Exercise inputs
_____

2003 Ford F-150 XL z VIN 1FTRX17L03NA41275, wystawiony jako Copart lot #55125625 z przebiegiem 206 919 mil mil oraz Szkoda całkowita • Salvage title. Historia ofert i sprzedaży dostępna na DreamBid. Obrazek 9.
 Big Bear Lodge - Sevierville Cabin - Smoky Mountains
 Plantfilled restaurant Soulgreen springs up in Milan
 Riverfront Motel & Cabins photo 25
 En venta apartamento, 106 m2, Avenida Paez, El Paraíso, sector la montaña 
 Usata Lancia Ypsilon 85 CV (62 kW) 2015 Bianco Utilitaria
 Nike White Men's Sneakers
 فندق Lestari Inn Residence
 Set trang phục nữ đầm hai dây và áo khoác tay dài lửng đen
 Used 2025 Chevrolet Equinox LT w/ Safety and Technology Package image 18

_____

Exercise details
One inclusive range is required: first line of the data through the line containing "En venta apartamento, 106". Set it down exactly and output nothing else.

Solution for this problem
2003 Ford F-150 XL z VIN 1FTRX17L03NA41275, wystawiony jako Copart lot #55125625 z przebiegiem 206 919 mil mil oraz Szkoda całkowita • Salvage title. Historia ofert i sprzedaży dostępna na DreamBid. Obrazek 9.
 Big Bear Lodge - Sevierville Cabin - Smoky Mountains
 Plantfilled restaurant Soulgreen springs up in Milan
 Riverfront Motel & Cabins photo 25
 En venta apartamento, 106 m2, Avenida Paez, El Paraíso, sector la montaña 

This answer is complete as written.